Randy Wigginton and Steve Wozniak pose for the KansasFest paparazzi.
I have to say, between the presentations, the people and the ideas that I encountered at KansasFest, I feel really refreshed and encouraged to pursue some Apple II projects in the upcoming year. My mind is awash in new concepts that are connected by the some of the achievements presented at KansasFest. My mind was blown over and over again during the event, and not just by the technical presentations; the experience also reinforced my belief that Apple II people, generally speaking, are one of a kind and willing to nourish ideas in any way they can and it’s that spirit that makes me glad to have been a part of it. That spirit was everywhere, from the documentaries being shot, the pod casts being recorded, the surprise appearance of Steve Wozniak, it was in the very words of Randy Wigginton’s keynote address. For one week Rockhurst University was saturated in the Apple II atmosphere and there wasn’t anyone who did not benefit from it.

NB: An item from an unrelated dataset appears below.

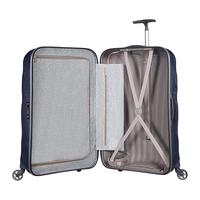 Samsonite新秀丽V22拉杆箱时尚贝壳款行李箱万向轮旅行箱 红色 20寸 20寸 星夜蓝色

I am still digesting the experience, and want to write more in-depth about small slices of the experience that were profound to me. It seems that although the presentations were world-class, the subjects that they broach are going to cause me to do some research so I can process them and hopefully make some practical applications of the knowledge that was hinted at. I know so many hours were dedicated to some of the topics being presented and to distill that into about around an hour time slot for presentation means I am going to have to expand some of it on my own terms a bit. Hopefully I can share some of my thoughts of these topics with you in the upcoming weeks.